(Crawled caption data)
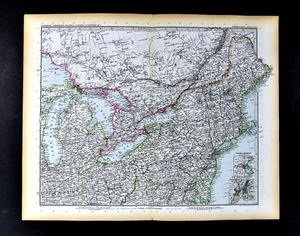 1892 Stieler Map New England York Boston Massachusetts United States Canada - Picture 1 of 2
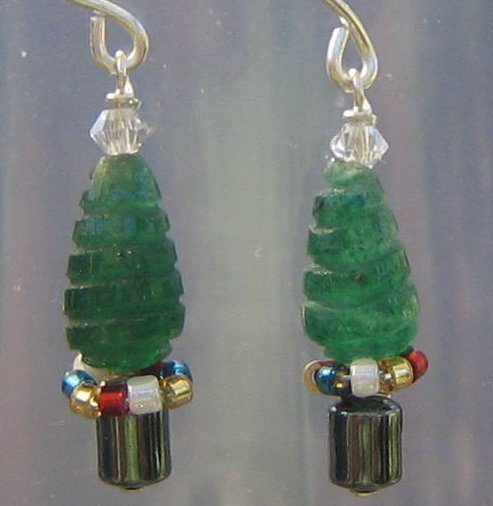 Carved Aventurine Christmas Tree Sterling Silver Earrings with Presents!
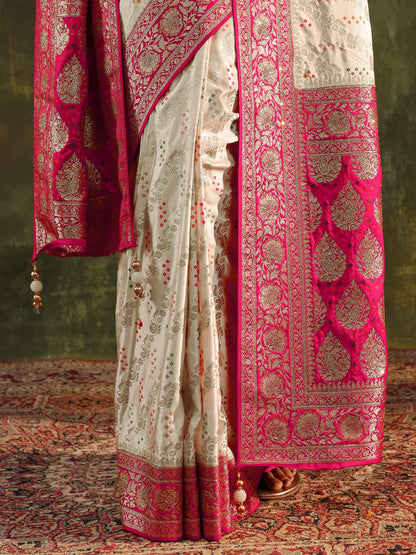 Libas Art Ivory Gharchola Satin Saree With Unstitched Blouse Piece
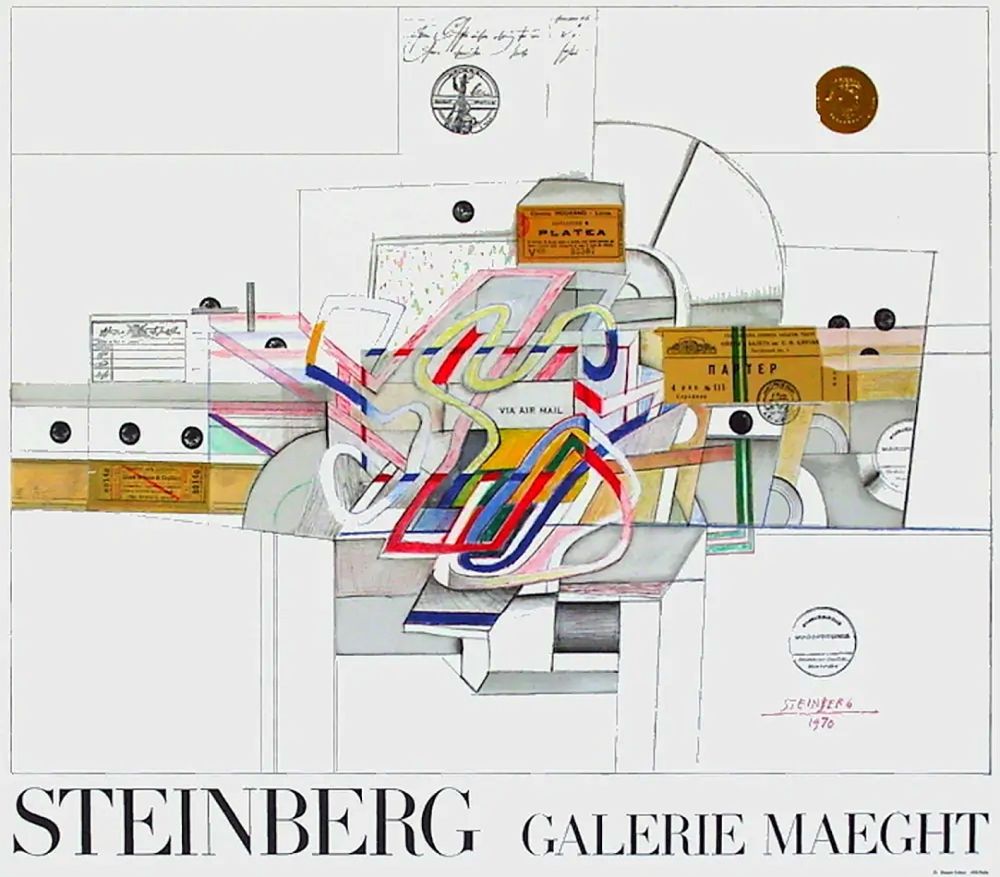 Cartel Steinberg - STEINBERG 1970. Galerie Maeght. Affiche en lithographie.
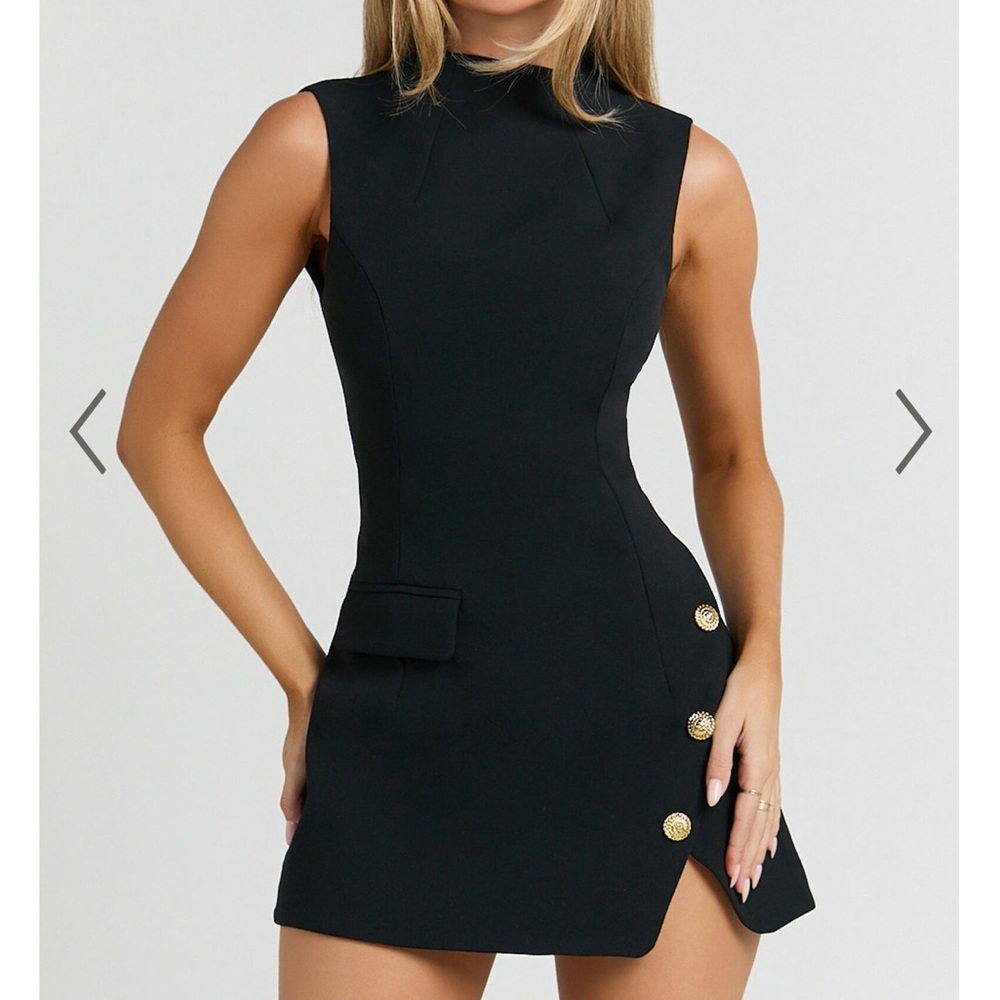 Showpo Black Mini Dress with Gold Accents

→ **Problem to solve**: Write the lines from the line containing "Cartel Steinberg - STEINBERG" through the last line of the data out again exactly, and only those lines; pictures stay out.

→ **Response area**:
 Cartel Steinberg - STEINBERG 1970. Galerie Maeght. Affiche en lithographie.
 Showpo Black Mini Dress with Gold Accents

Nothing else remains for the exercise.